The Baillie Gifford Prize longlist is announced. The 2023 National Translation Awards longlist arrives, along with the 2023 Washington State Book Award nominees. Jenna Bush Hager picks Amazing Grace Adams by Fran Littlewood for her September book club. LibraryReads and LJ offer read-alikes for Stephen King’s Holly. Author Carl Hiaasen pays tribute to Jimmy Buffet. Plus, WSJ reports that the FTC will file an antitrust suit against Amazon later this month.
The Baillie Gifford prize longlist is announced. The Guardian has coverage, as do LitHub and Associated Press. Watch the announcement here.
The 2023 Scotiabank Giller Prize longlist is announced today.
The 2023 National Translation Awards announces its longlist.
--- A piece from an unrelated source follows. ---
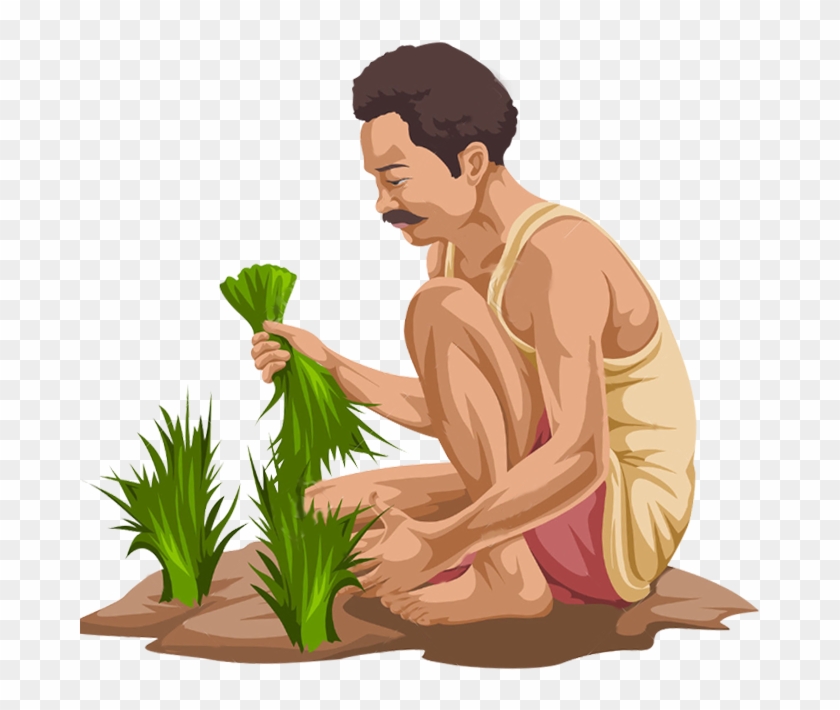 Farmer - Indian Farmer Logo Png #598482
Publishing Perspectives has details.
The 2023 Washington State Book Award nominees are announced.
The Wolfson History Prize shortlist is announced.
Jenna Bush Hager picks Amazing Grace Adams by Fran Littlewood (Holt) for her September book club.
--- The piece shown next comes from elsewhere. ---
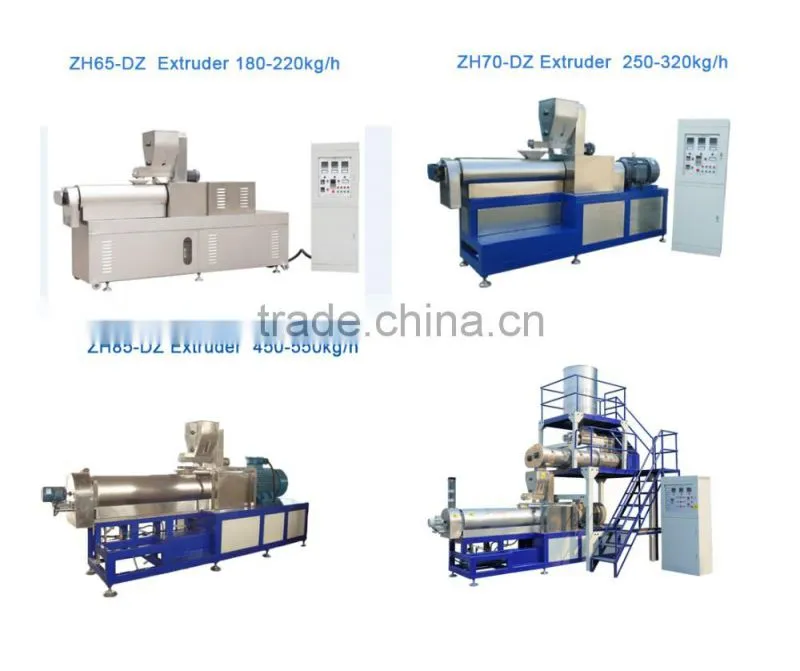 Dried soy meat processing machinery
LJ selects the best books of the September issue.
Amazon editors pick the best books of September.
Shondaland highlights the best books of September.
LitHub previews 25 novels to read this fall.
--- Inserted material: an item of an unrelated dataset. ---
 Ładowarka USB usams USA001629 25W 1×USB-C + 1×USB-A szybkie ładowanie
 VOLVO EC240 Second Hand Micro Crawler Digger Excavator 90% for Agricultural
UK publisher Pan Macmillan acquires business-book publisher Harriman House. Publishers Lunch has the news.
The FTC will file an antitrust suit against Amazon later this month, WSJ reports.
NYT reviews Beyond the Wall: A History of East Germany by Katja Hoyer (Basic): “Hoyer makes a strong case for paying the vanished state its historical due. But her well-told stories of valiant East Germans are a tribute to human resilience under brutal conditions—not a credit to the state itself”; and Wound by Oksana Vasyakina, tr. by Elina Alter (Catapult): “Wound, Oksana Vasyakina’s debut novel, recounts a road trip that is both an elegy to the dead and a homecoming.”
Washington Post reviews The Coming Wave: Technology, Power, and the Twenty-First Century’s Greatest Dilemma by Mustafa Suleyman, written with Michael Bhaskar (Crown): “While fanciful doomsday prophesying is a popular preoccupation in some tech and tech-adjacent circles, this book provides a nicely grounded analysis.”
Minneapolis Star Tribune reviews Chenneville: A Novel of Murder, Loss, and Vengeance by Paulette Jiles (Morrow; LJ starred review): “For readers (like me) who are hesitant to invest 300 pages on a man 100% bent on settling a score, rest assured that John is more than a clichéd cowboy and Jiles’s descriptions are less boot-crushing-cigarette-butt macho prose and more sunlight-piercing-the-understory imagery.”
LibraryReads and Library Journal offer read-alikes for Holly by Stephen King (Scribner), the top holds title of the week.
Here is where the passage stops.